This sounds impossible? No. This is happening now and in the US during the big cold snap, this is exactly what EV owners were doing. Many EVs now offer bidirectional charging or vehicle to grid capabilities. Many have a standard AC socket that allows appliances to plug in without an inverter. Some offer a DC connection only requiring an inverter, but it’s still possible to provide power to almost all household appliances.
What about Australia?
The largest supplier and installer of EV charging stations now offers this service. https://jetcharge.com.au/services/vehicle-to-grid
We mentioned earlier that this would primarily be an EMERGENCY use only option. The reason is that lithium batteries do have limited cycle capacity. That is the number of times they can be fully charged and discharged before they go below a practical usable level, typically 60%. Typically this is around 3,000-5000 cycles now. Note this is full cycles, so if you only use 50% each day then it takes 2 days to use one full cycle. So if you topped up and then used the energy everyday for home, this would increase the cycles and run down the battery warranty faster than you might like.
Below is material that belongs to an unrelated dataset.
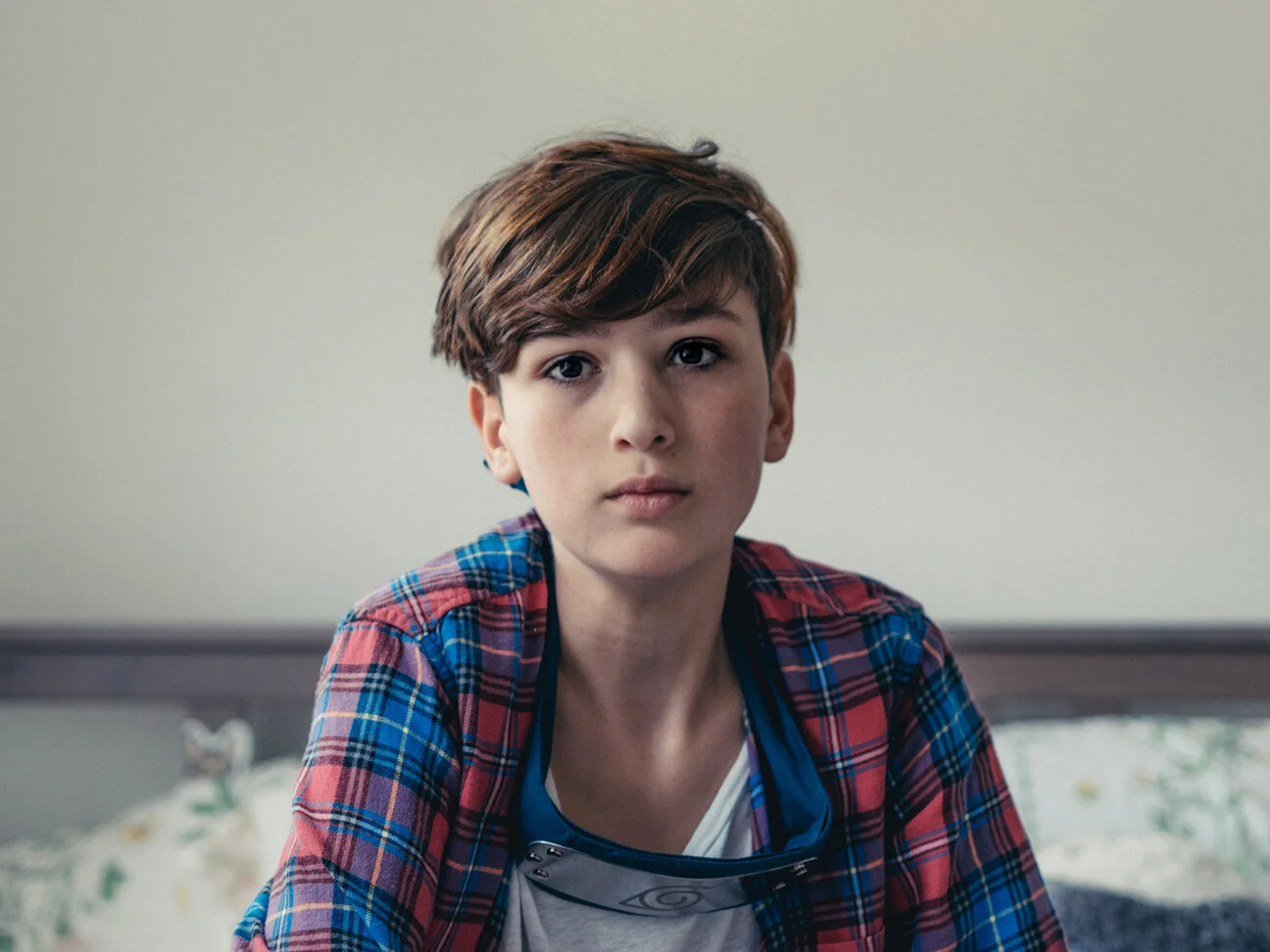 Colette, 12, Oakland, CA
The final comment here is that you might get paid to make your EV and its battery available in an emergency or under a VPP (Virtual Power Plant) program and that might make the difference in sticking with your old petrol gas guzzler and swapping to a clean electric vehicle. Obviously the ability to generate your own “fuel” from your own solar system instead of paying extortionately high prices for petrol might make you jump to an EV even faster.
The only question now is, which EV will you buy?